DCOPs and bandits: exploration and exploitation in decentralised coordination

Real life coordination problems are characterised by stochasticity and a lack of a priori knowledge about the interactions between agents. However, decentralised constraint optimisation problems (DCOPs), a widely adopted framework for modelling decentralised coordination tasks, assumes perfect knowledge of these factors, thus limiting its practical applicability. To address this shortcoming, we introduce the MAB--DCOP, in which the interactions between agents are modelled by multi-armed bandits (MABs). Unlike canonical DCOPs, a MAB--DCOP is not a single shot optimisation problem. Rather, it is a sequential one in which agents need to coordinate in order to strike a balance between acquiring knowledge about the a priori unknown and stochastic interactions (exploration), and taking the currently believed optimal joint action (exploitation), so as to maximise the cumulative global utility over a finite time horizon.
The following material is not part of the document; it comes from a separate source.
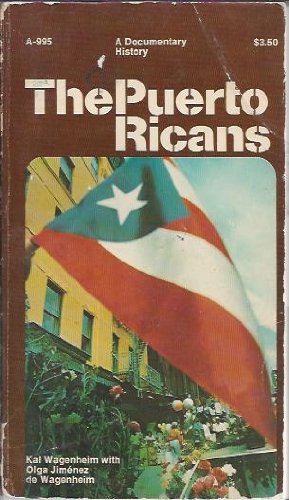 Puerto Ricans a Documentary History,Used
We propose Heist, the first asymptotically optimal algorithm for coordination under stochasticity and lack of prior knowledge. Heist solves MAB--DCOPs in a decentralised fashion using a generalised distributive law (GDL) message passing phase to find the joint action with the highest upper confidence bound (UCB) on global utility. We demonstrate that Heist outperforms other state of the art techniques from the MAB and DCOP literature by up to 1.5 orders of magnitude on MAB--DCOPs in experimental settings.